Mr Prescott would dearly have loved to have found someone else to form the other half of his latest Public Private Partnership. Unfortunately, as with the Channel Tunnel Rail Link, the obvious partner is Railtrack, particularly when it comes to those bits of the Tube that run closest to the surface and could be linked up to Railtrack's national rail network.

Railtrack will not own these assets, however. Instead, the taxpayer will pay it an annual fee to maintain and invest in the lines while at the same time making them available to a publicly-owned operator, London Underground, for a fixed period.

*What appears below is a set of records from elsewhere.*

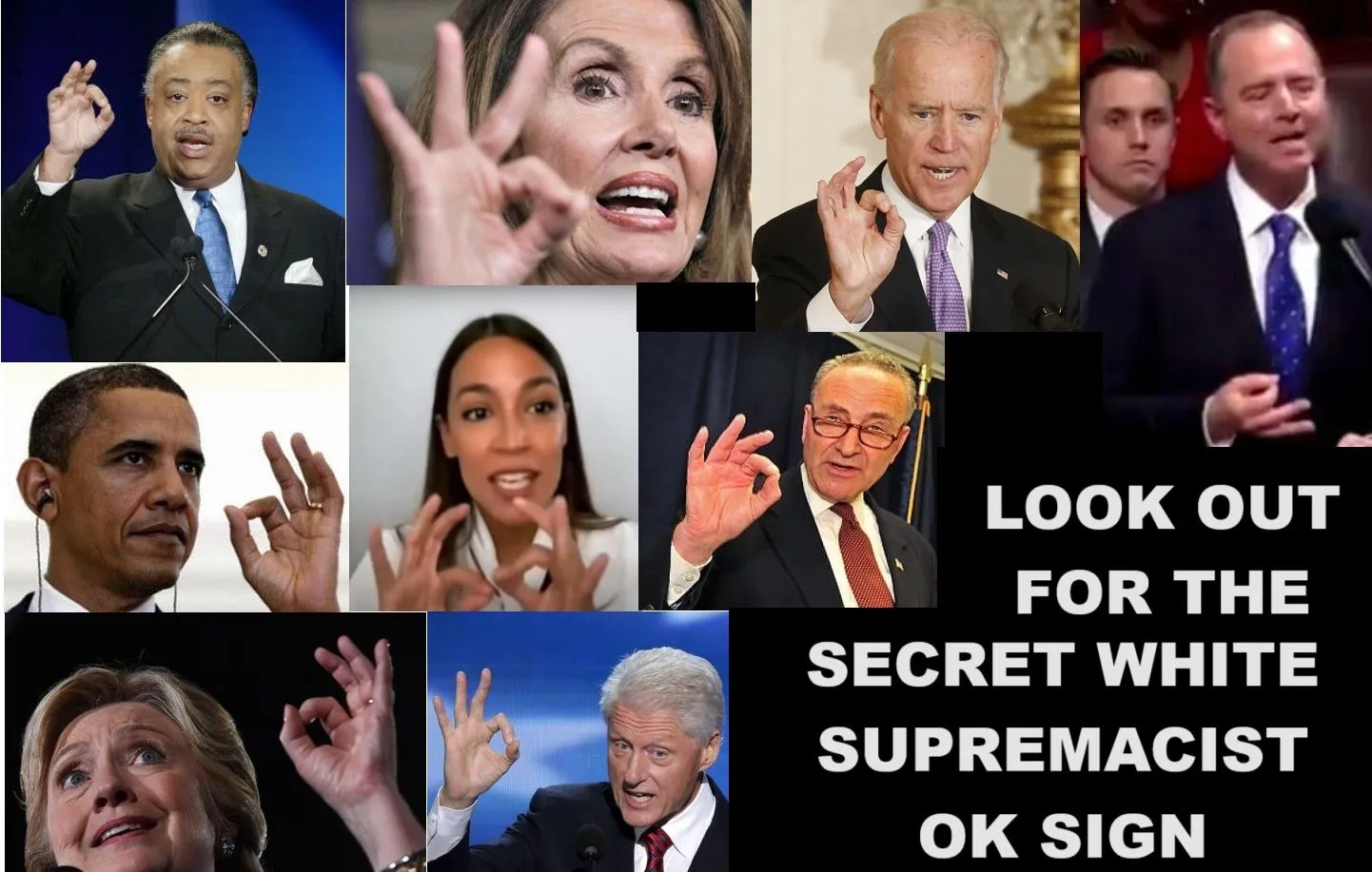 oksign supremacistoksign 1.webp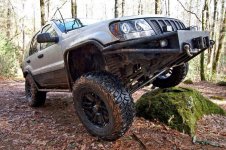 ImageUploadedByWAYALIFE1424215678.654553.jpg ImageUploadedByWAYALIFE1424215678.654553.jpg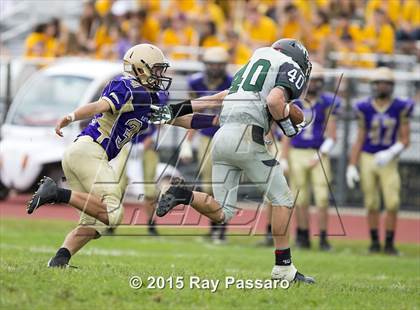 Thumbnail 3 in Westhampton Beach @ Sayville photogallery.
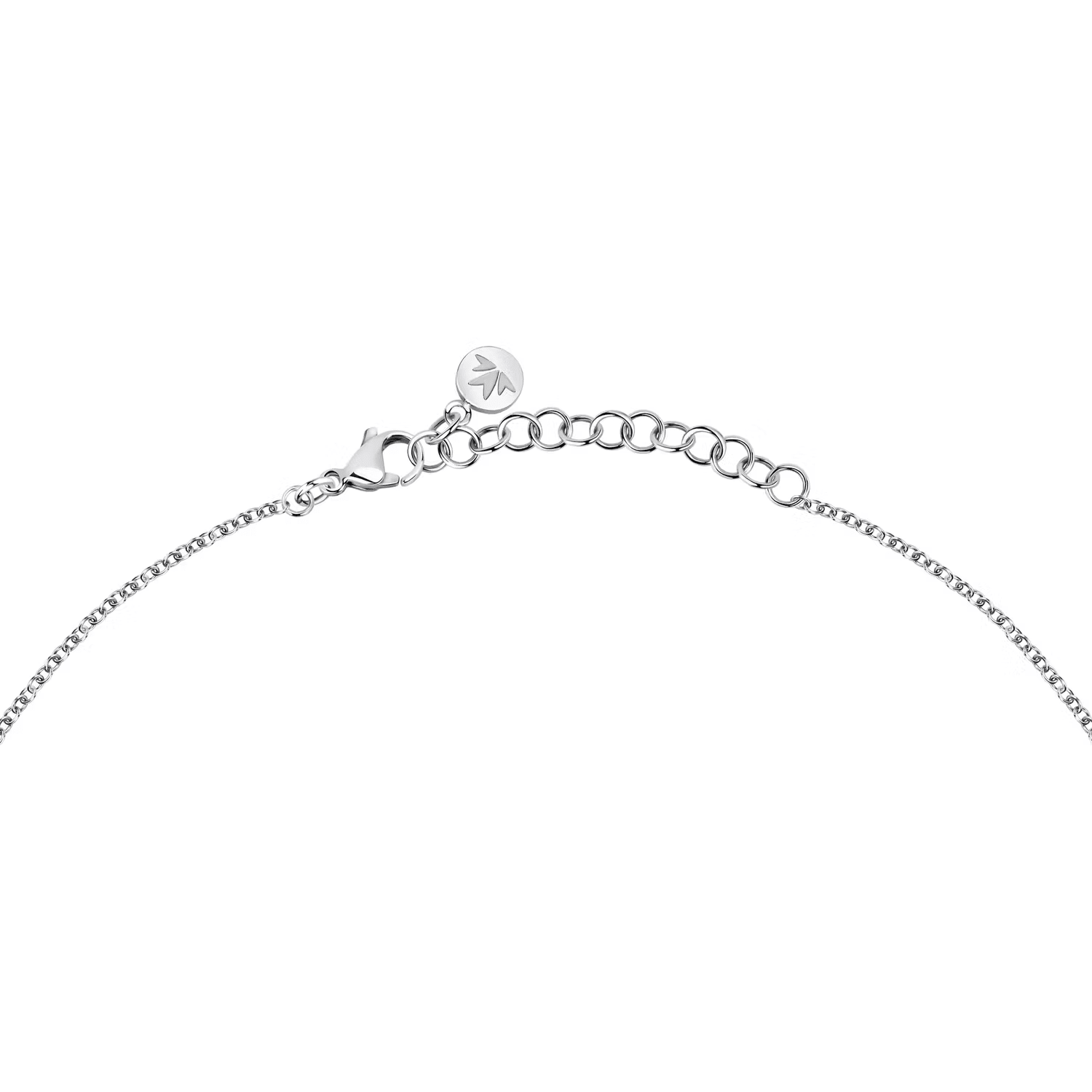 3-collana-morellato-talismani-saun32_v3n408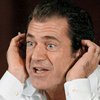 Мэл Гибсон потребовал от русской подруги тест на отцовство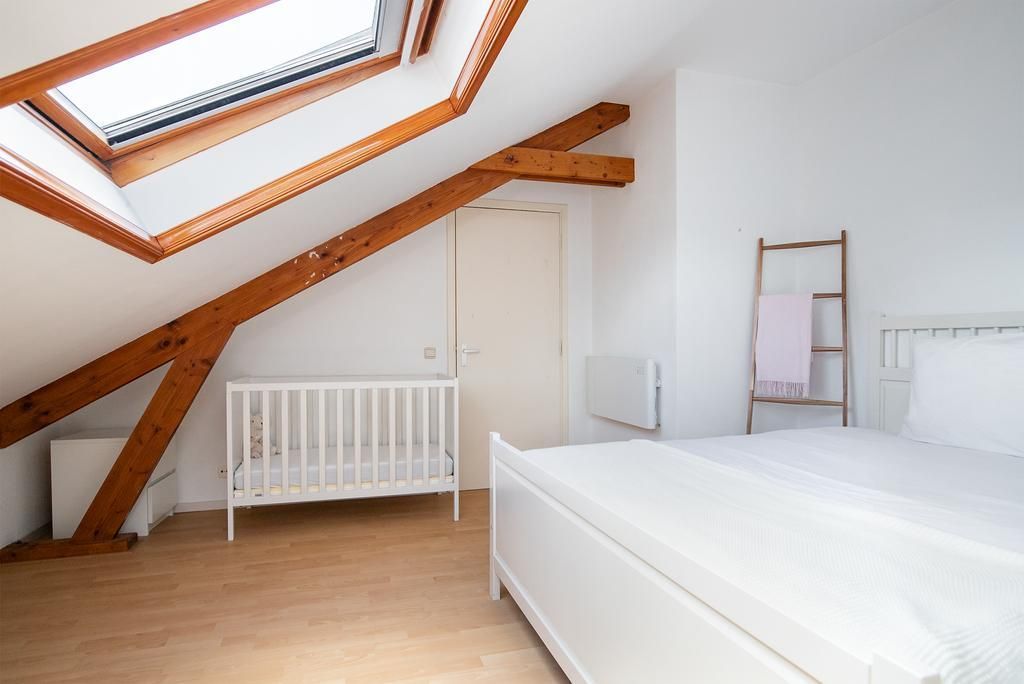 De Carpentierstraat 55-A Photo 3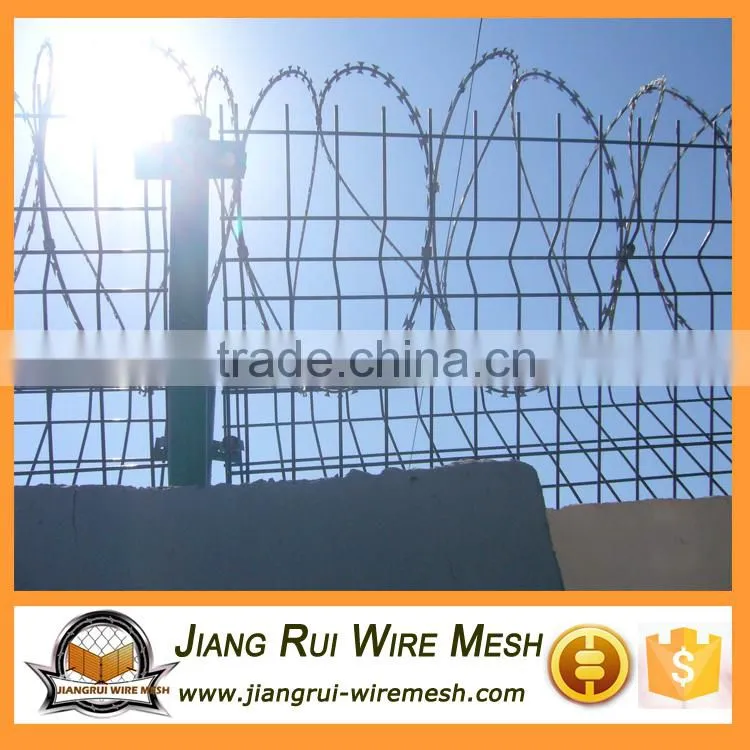 antique barbed wire for sale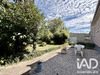Ma-Cabane - Vente Maison Pithiviers, 71 m²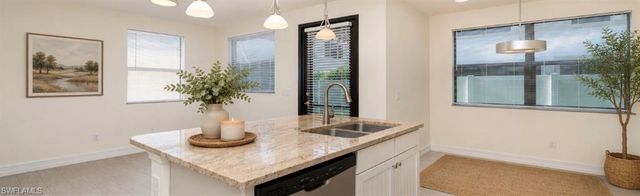 9463 Montebello WAY 101, Fort Myers, FL 33908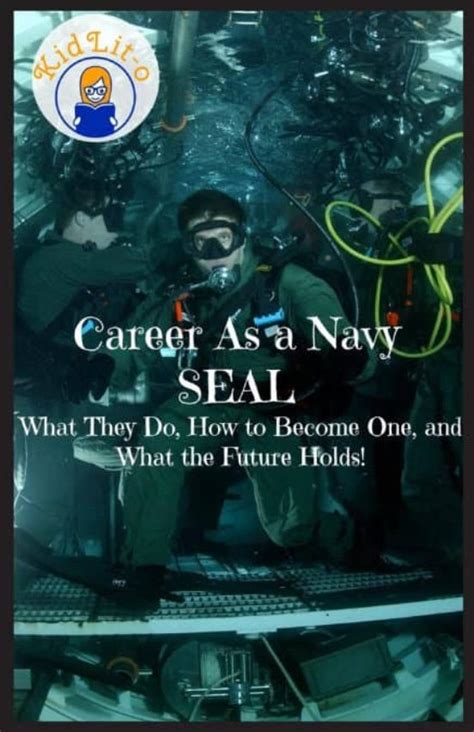 Career As A Navy Seal Rogers Brian Casa Del Libro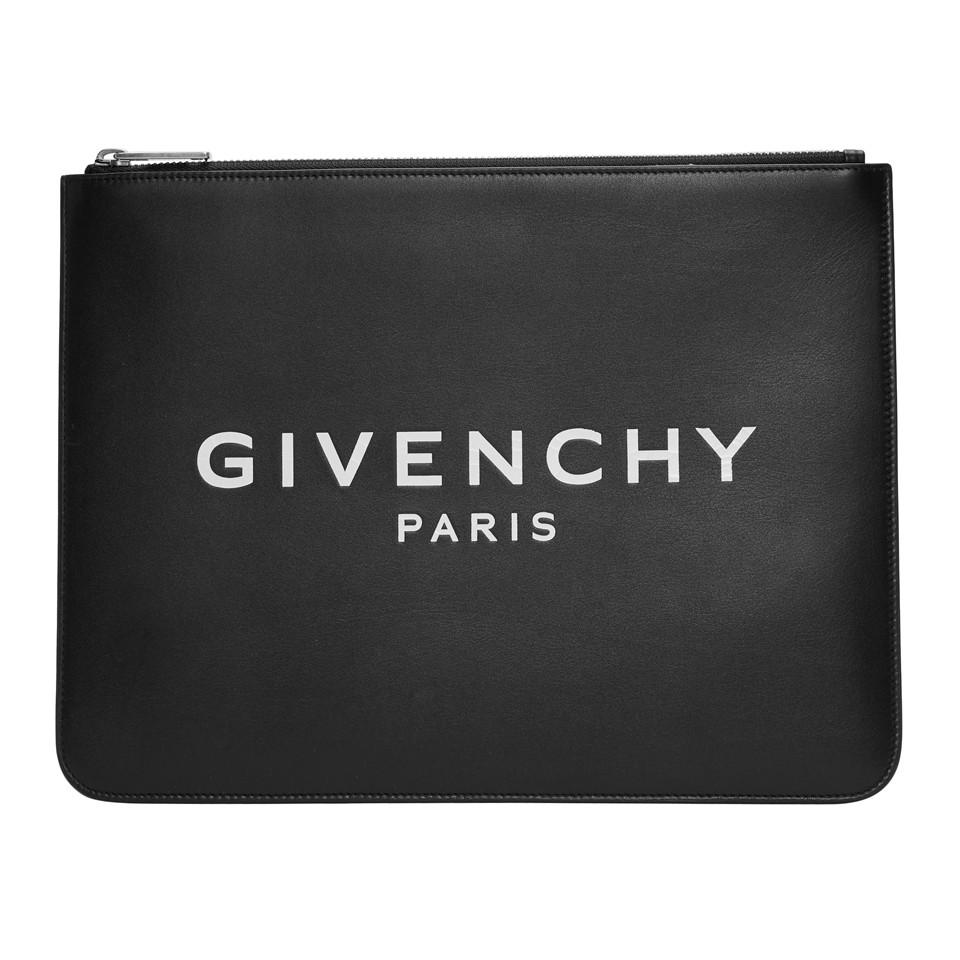 pochette givenchy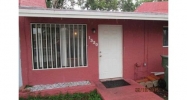 1330 KIA DR Homestead, FL 33033 - Image 16542091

But what the minister giveth with one hand he taketh away with the other; Mr Prescott is promising a tough regulatory regime and swingeing fines for poor performance to keep Railtrack in line.

Since it will take at least a year to sort out minor details like the length of the Underground contracts, the amount of investment required and the rate of return that will be allowed, making an investment judgment about the impact on Railtrack remains hazardous.

The shares have underperformed the market by a quarter since the start of the year, largely on the strength of the tub-thumping of Mr Prescott and the Rail Regulator. But if they truly want a "joined up London", then they may have to cut Railtrack a little slack. Mr Prescott's dream is of a rail system that allows a passenger to travel from Essex to Heathrow without ever changing trains. He reckons Railtrack could deliver it, but those who remember the ill-fated Crossrail project will not be holding their breath.